I was kind of surprised at first that psi aka Gk2 isn’t always more powerful, since psi makes more sense. But the weird thing about power analysis is that the power is a function of the true state of reality, in this case Tk. That’s weird because a criterion for judging a test should be a function of your information, right? “Closeness to ideal Bayesian inference” for example is a function of your information. So, a Bayesian test will be less powerful than another test in some possible worlds. Because, like, that other test could be a Bayesian test with extra information added in, and it’ll be more powerful in all the possible worlds where that information turns out to be true.
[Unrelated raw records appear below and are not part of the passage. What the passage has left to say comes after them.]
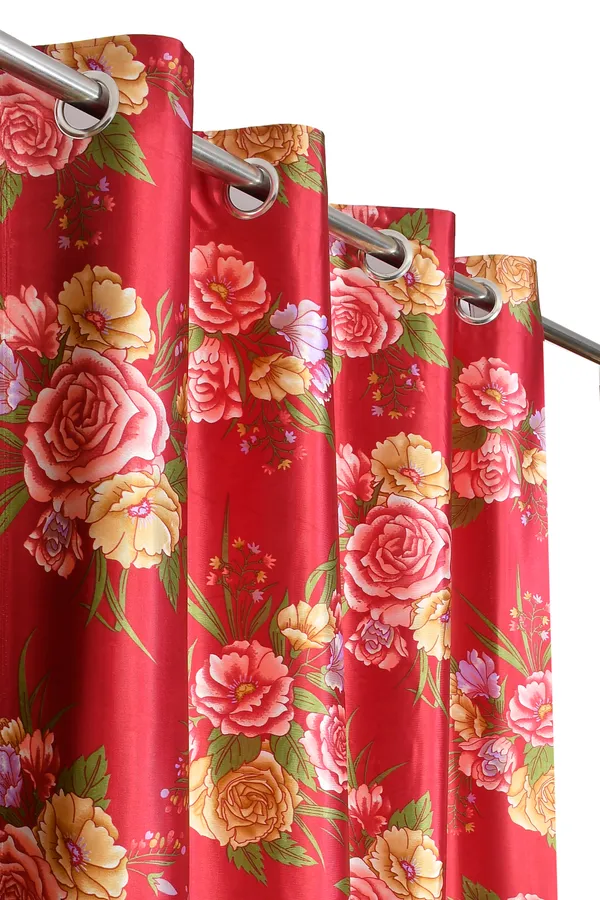 Pack_of_2_Polyester_Floral_Room_Darkening_Curtain_Panel_for_Door,_Window,_Long_Door_-_Maroon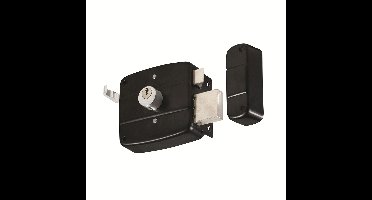 Axa oplegslot zwart 7490-51-56 din ls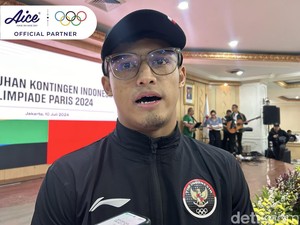Olimpiade Paris 2024: Rizki Juniansyah Sparing dengan Lifter Prancis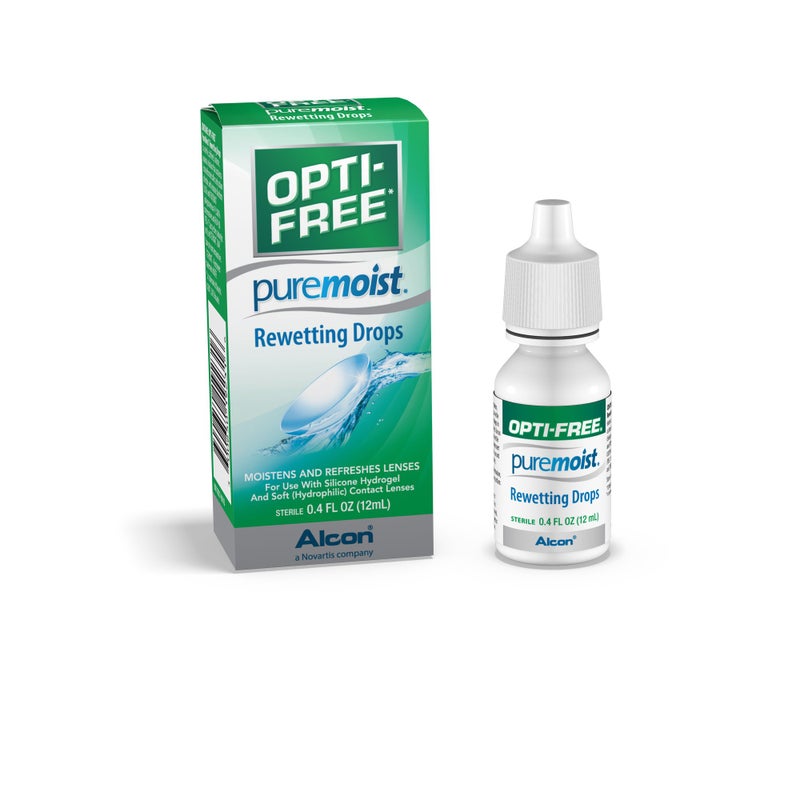 Opti-Free Opti-Free Puremoist Rewetting Drops, 12-mL 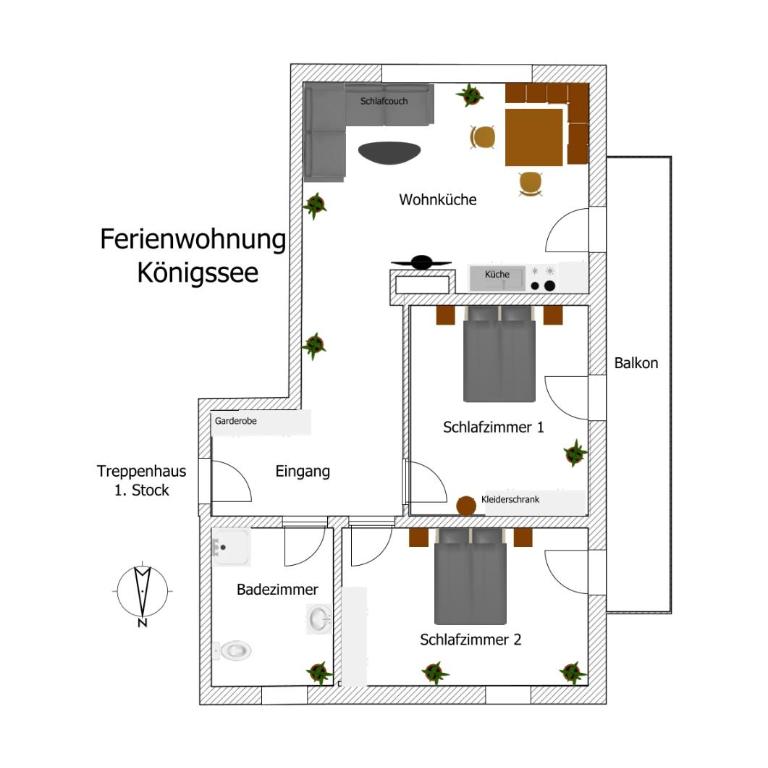 Ferienwohnung Losbichl - Apartment mit 2 Schlafzimmern - 12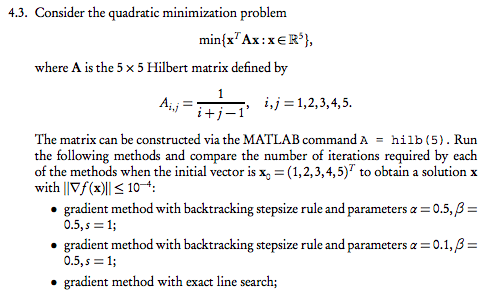 how to solve quadratic minimization problem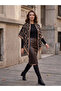 Women's Camel Leopard Patterned Triangle Shawl Sal1315 - 2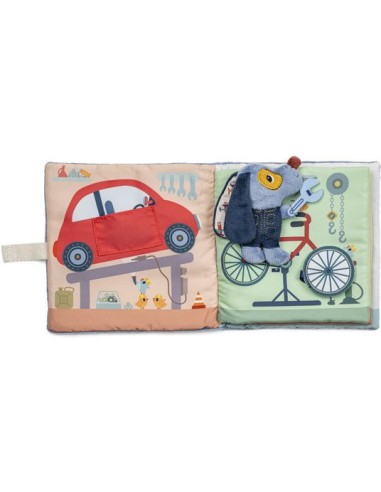 Livre d'activités Jules garage - Lilliputiens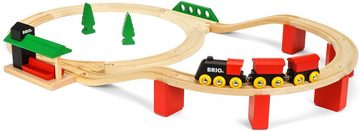 BRIO® Spielzeug-Eisenbahn Classic Deluxe-Set, (Set), FSC®- schützt Wald - weltweit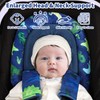 Baby Car Seat Head Support with Extra Headrest, 2-in-1 Babybody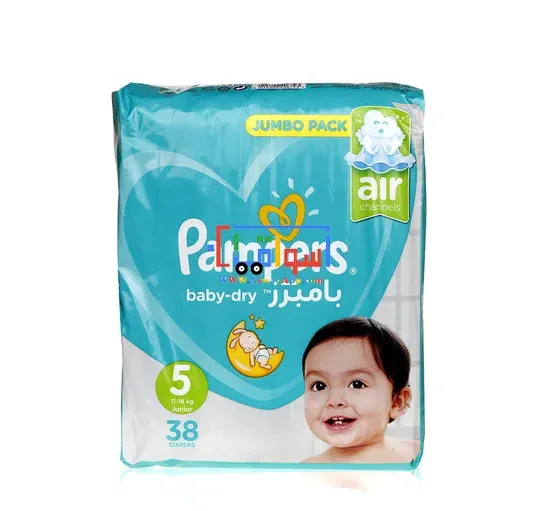 Picture of Pampers Active Baby-Dry Maxi, Medium, Size 5, 11-16 kg, 38 Diapers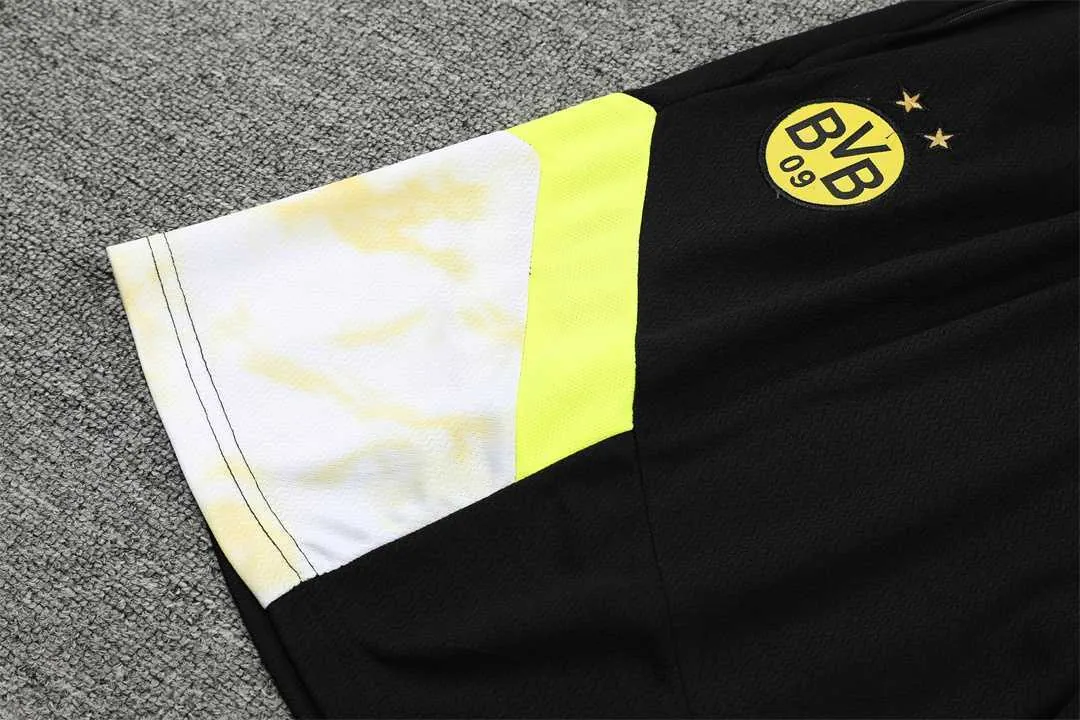 22-23 Dortmund vest training suit kit black and white 19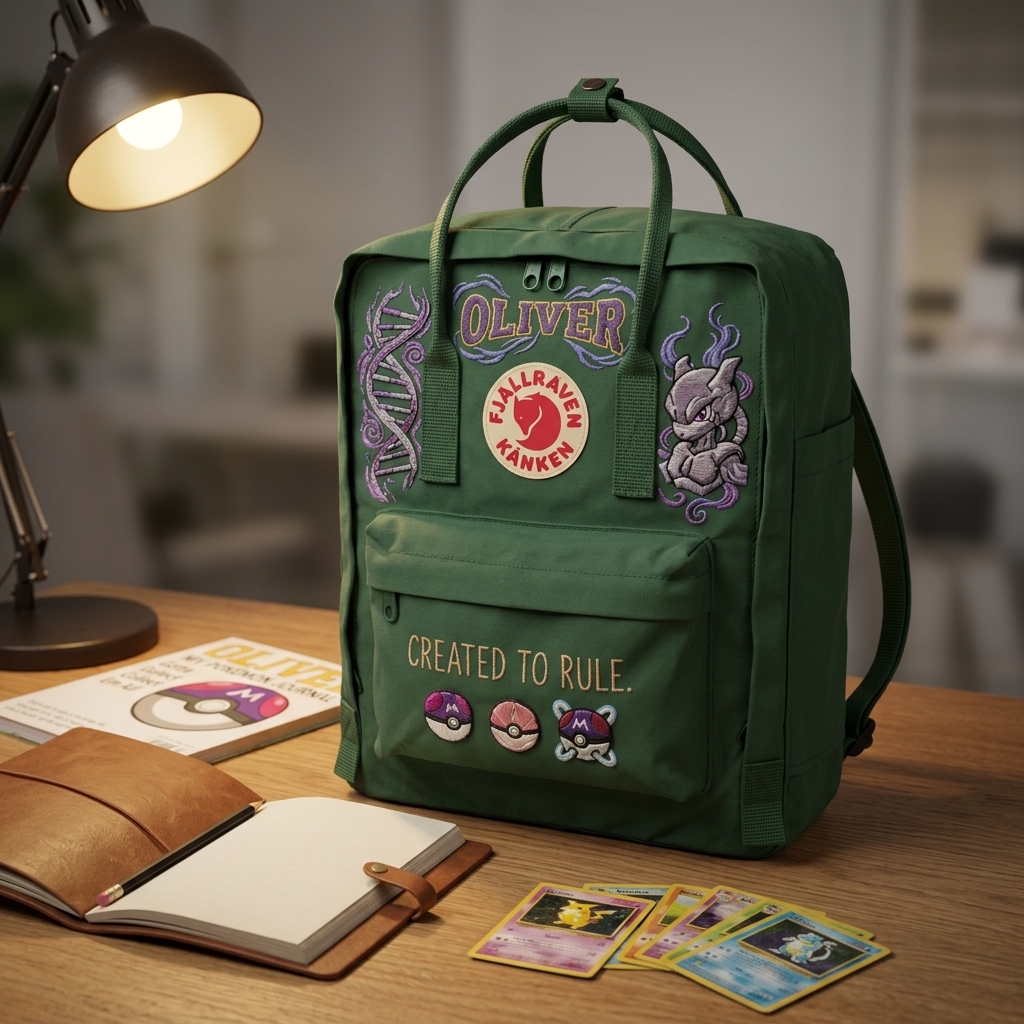 Pokemon Fjallraven Kanken Hand-Embroidered Backpack - Image 3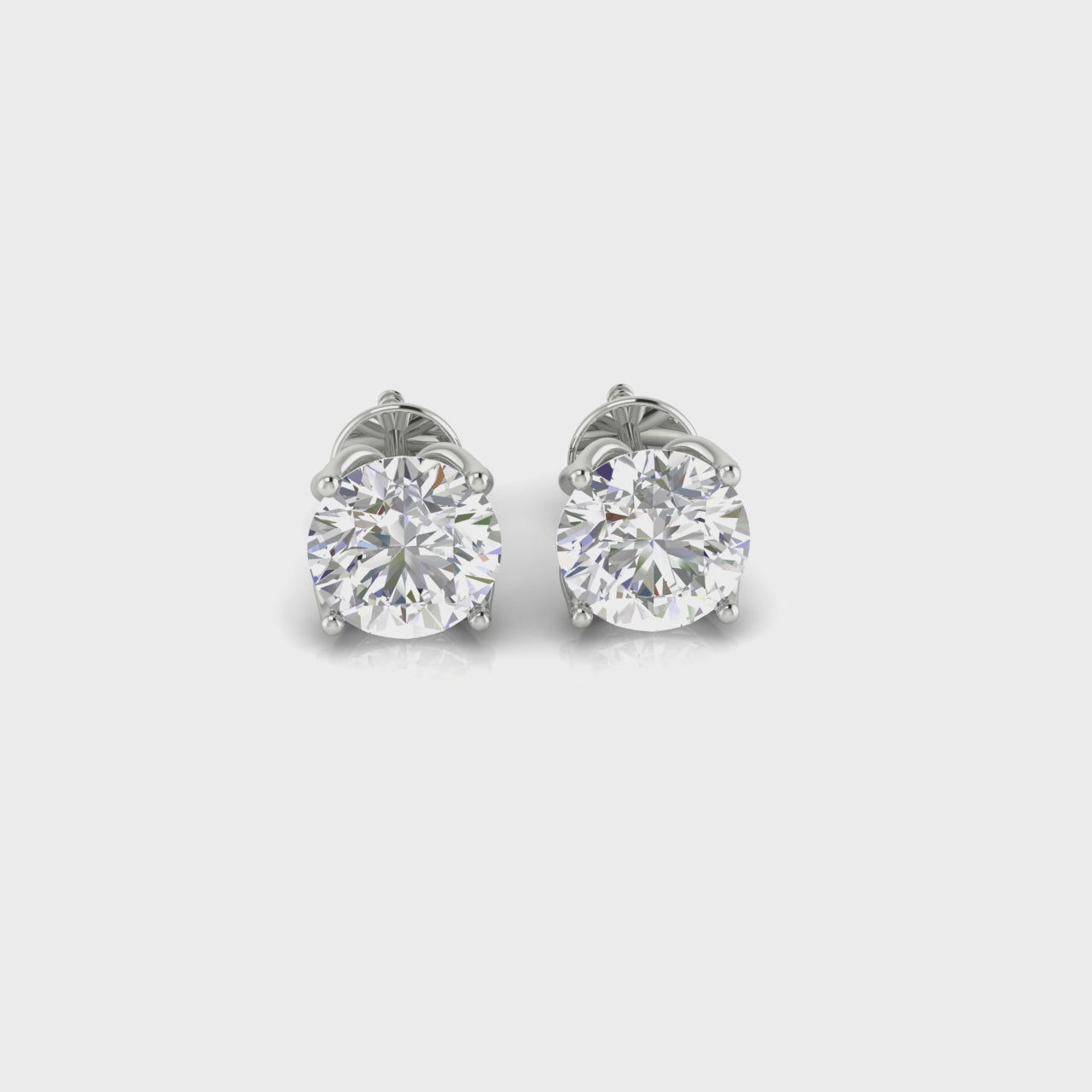 4.5 Carat IGI Certified Brilliant Round Diamond 14K White Gold Earring Studs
But, interestingly, they do find something that resembles what’s shown in this article. This article shows that, in situations where a cell probability is low, chi-squared is an obviously incorrect measure of fit. Whereas Koehler & Larntz noted that in exactly these situations, the chi-squared test is less powerful.

2. Will says:

I don’t think you actually understand what a sampling statistic is/what a chi^2 test is doing. If I have N data points I plant to draw independently from a probability distribution, then the joint probability distribution will get very large and unwieldy as N grows.

The idea of a sample statistic is to say ” can I create something that’s simpler to work with than these large joint probability distributions?” For instance, I could say “I’m going to look at the mean of my N data points,” and then any statistician would say “well, the mean is really just a sum of N random variables, so if N is very large, then I can formulate an equivalent problem using the central limit theorem. If you only care about the mean, you can say the mean is drawn from a one dimensional normal distribution, as long as N is very large.” In this case, we’d say the mean is the sample statistic, and the sampling distribution is the normal distribution.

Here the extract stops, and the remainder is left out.